Em meio a tudo isso, Aurélio descobre uma tragédia familiar daquelas pessoas que utilizará como moeda de troca para conseguir seus objetivos.

Neste drama social vemos as consequências da chegada da mão pesada do poder privado internacional no litoral pernambucano, espaço totalmente abandonado pelo poder público no qual os moradores ficam entregues à própria sorte, enquanto suas vidas são cada vez mais definidas pelas vontades dos imperialistas.

Como qualquer filme de Assis, Piedade traz de forma natural e sem tabu o tema da sexualidade, trazendo também mais uma vez uma reflexão sobre cinema, e nesse caso sobre sua própria produção, uma vez que Sandro em seu cinema pornô/ “motel” assiste a “Baixio das bestas” na telona.

Comentário final

Tratando-se dos longas desse diretor, algumas coisas que não poderia deixar de comentar são as atuações brilhantes de Matheus Nachtergaele, que atua nos 5 filmes fazendo ao todo 6 personagens que são irreconhecíveis entre si. As atuações impagáveis de Irandhir Santos, presente em 4 dos 5 longas, que também merece ser mencionado aqui, assim como os roteiros incríveis de Hilton Lacerda, que trabalhou com Assis em todos os seus filmes.

O universo de Assis compõe um mosaico ímpar de personagens pernambucanas, que com sua força e especificidades, juntamente com as tramas que estão envolvidas, sempre ligadas a problemas sociais, econômicos e políticos bastante verdadeiros e tratados de forma muito sensível, fazem com que seus filmes assumam um caráter de relevância singular para se compreender Pernambuco, com sua decadência, atraso, aparente eterna paralisia e reprodução do mesmo, sendo de grande valia não apenas para quem pretende conhecer mais esse estado nordestino, mas também todo o Brasil, uma vez que seus filmes refletem profundamente sobre questões estruturais de um dos estados mais antigos e que já foi economicamente o estado mais importante do país.

Além do aspecto comentado no parágrafo anterior, as personagens vivas de Assis, com diversas personalidades e caracteres, junto com os dilemas vividos por eles, superam a mera encenação de um “regionalismo”, visão com a qual a classe dominante condena no geral os filmes fora do eixo Rio-São Paulo, marginalizando-os e tratando-os como menos relevantes. Na medida que rompe com esse regionalismo e em suas histórias as personagens vivem dilemas que transcendem a mera especificidade local, seus filmes assumem um caráter também universal.

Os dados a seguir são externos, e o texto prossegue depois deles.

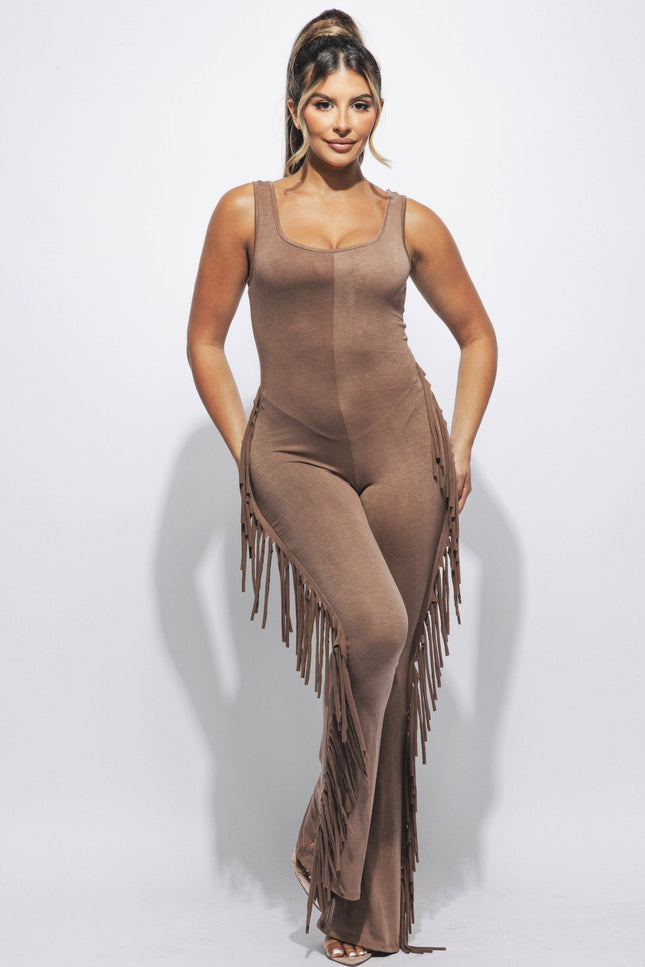 Sleevess side fringe jumpsuit - Muvin 
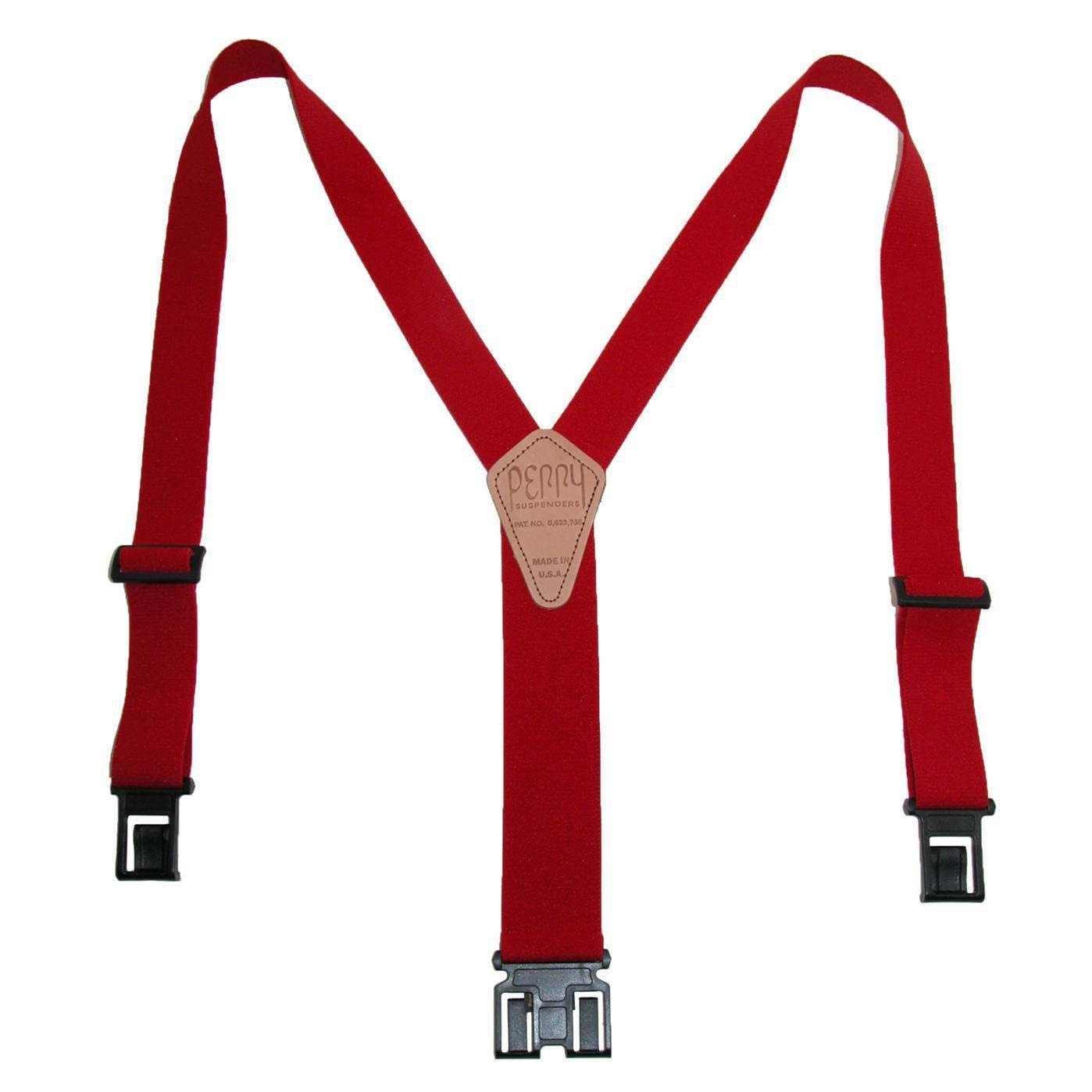 Perry Braces Men's Elastic Hook End Braces, Red(Size: One Size)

No meio da barbárie da cidade de Baixio das Bestas, vemos surgir beleza ímpar do maracatu rural. Na relação truncada e única de Zizo com Eneida (que não por acaso tem nome de epopéia), assim como na de vários personagens de “A Febre do Rato” enxerga-se a beleza das infinitas possibilidades que as relações entre diferentes pessoas pode assumir, com a encantadora singularidade de cada um. Em “Big Jato”, na atrasada Peixe de Pedra, no fogo cruzado de diversas violências e opressões, e com o quase realismo fantástico do filme, vislumbramos a sutil singeleza do olhar acolher a juventude. Os filmes de Assis, se são sim carregados de muita violência de diversos tipos, violência que brutaliza, oprime e molda em grande medida as personagens e suas vidas, também têm lampejos de Sublime, nas quais contemplamos muitas verdades sociais e das relações.